/---
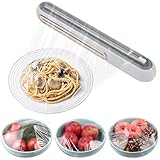 LPAMABA Frischhaltefolienspender, Folienspender Magnetisch, Frischhaltefolien-Schneider, Praktischer Abroller, Kunststoff-folienspender mit Schneider für 30cm Rollenbreite Aluminiumfolie, Weiß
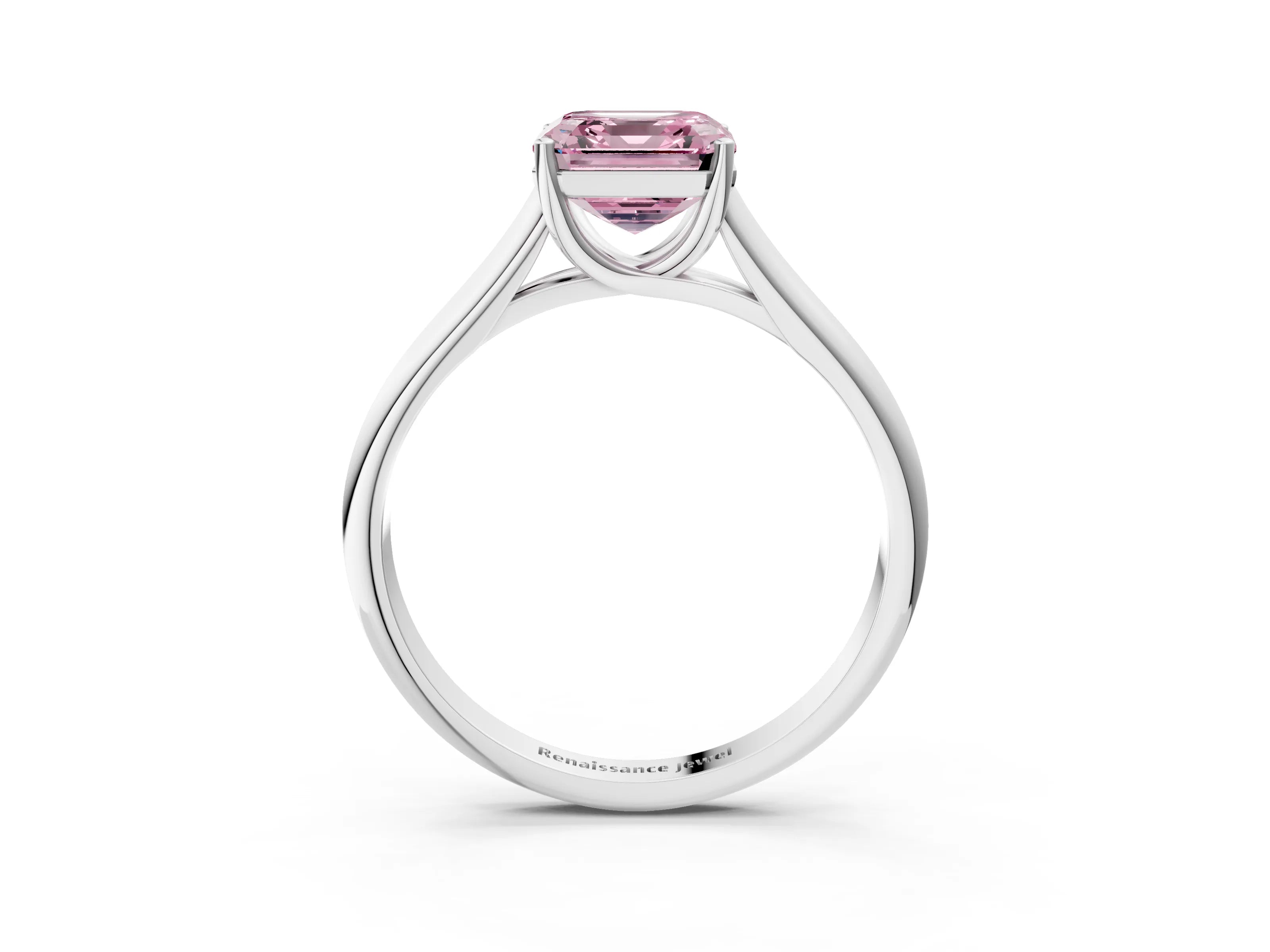 White gold Fancy Pink Asscher Cut Solitaire Engagement Ring with Tapered Band and Four-Prong Setting_6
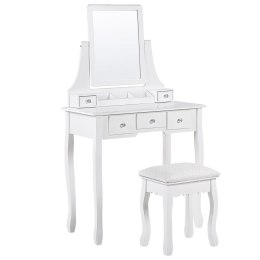 Toaletka 5 szuflad prostokątne lustro i stołek biała RAYON Lumarko!
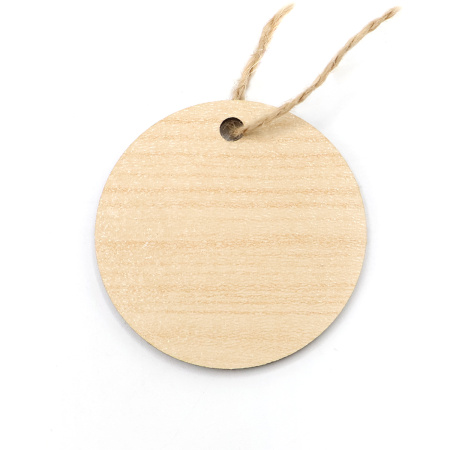 Бирка из ламинированного ХДФ на верёвке, Круглая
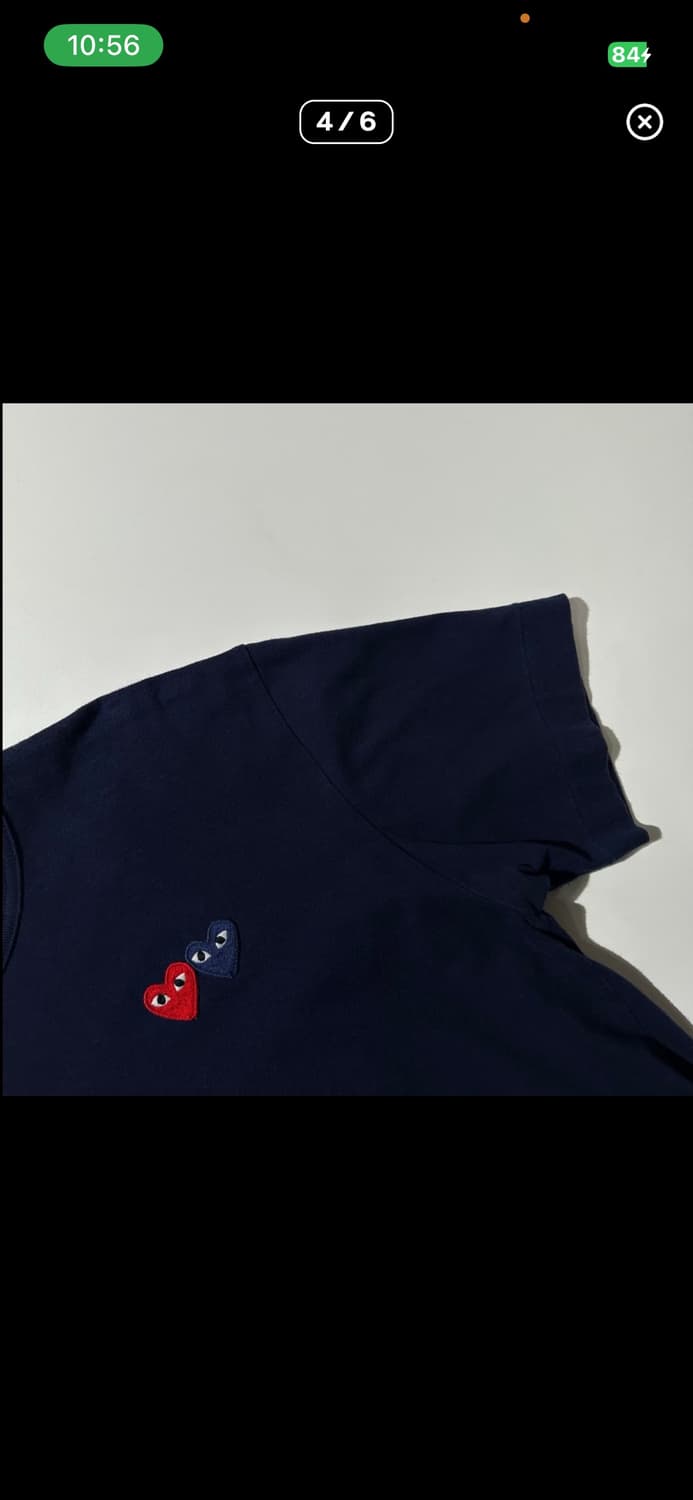 Comme des Garcons 꼼데가르송 플레이 더블 하트 와펜 반 팔 상품이미지4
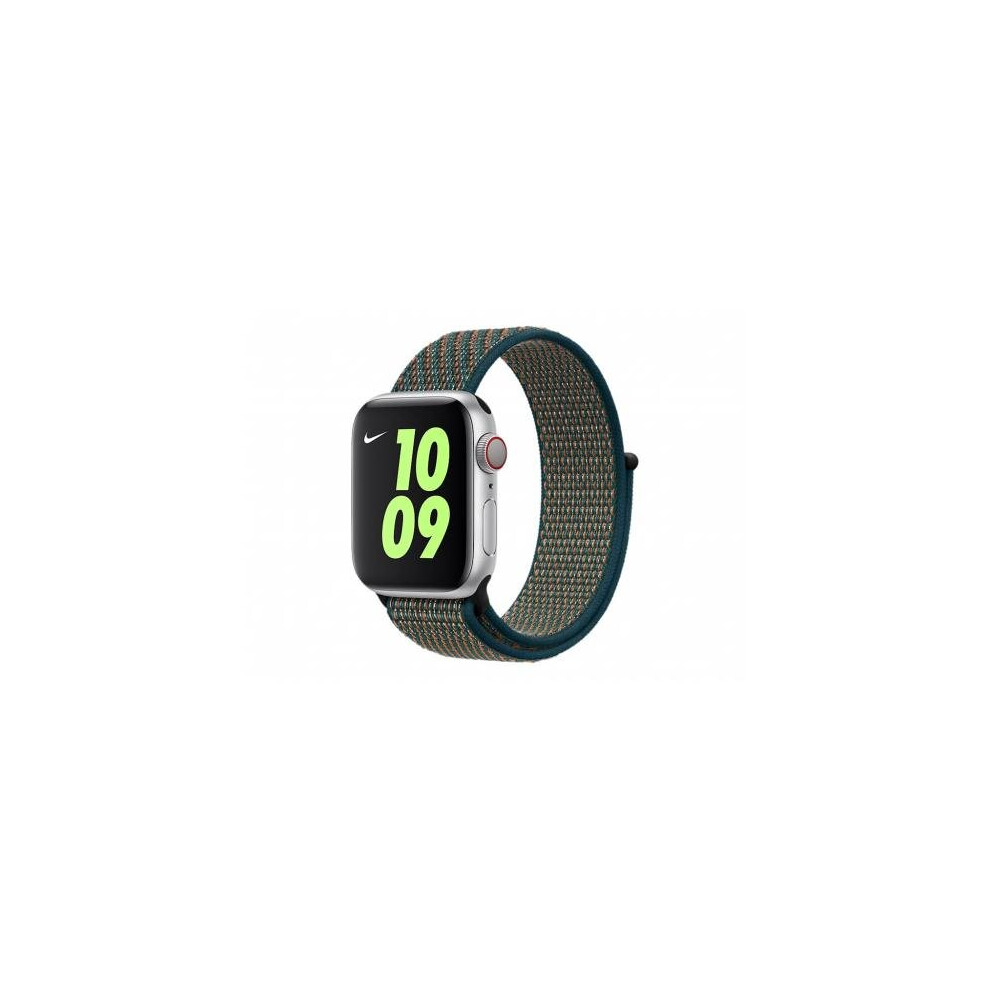 (40mm) Apple Nike Sport Loop Strap | 40 or 44mm - Crimson/Neptune Green-image-OPC-P8FBZJV-NEW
\---
● **WHAT TO DO**
Give the entries above again word for word, without the pictures.

● **FINAL ANSWER**
 LPAMABA Frischhaltefolienspender, Folienspender Magnetisch, Frischhaltefolien-Schneider, Praktischer Abroller, Kunststoff-folienspender mit Schneider für 30cm Rollenbreite Aluminiumfolie, Weiß
 White gold Fancy Pink Asscher Cut Solitaire Engagement Ring with Tapered Band and Four-Prong Setting_6
 Toaletka 5 szuflad prostokątne lustro i stołek biała RAYON Lumarko!
 Бирка из ламинированного ХДФ на верёвке, Круглая
 Comme des Garcons 꼼데가르송 플레이 더블 하트 와펜 반 팔 상품이미지4
 (40mm) Apple Nike Sport Loop Strap | 40 or 44mm - Crimson/Neptune Green-image-OPC-P8FBZJV-NEW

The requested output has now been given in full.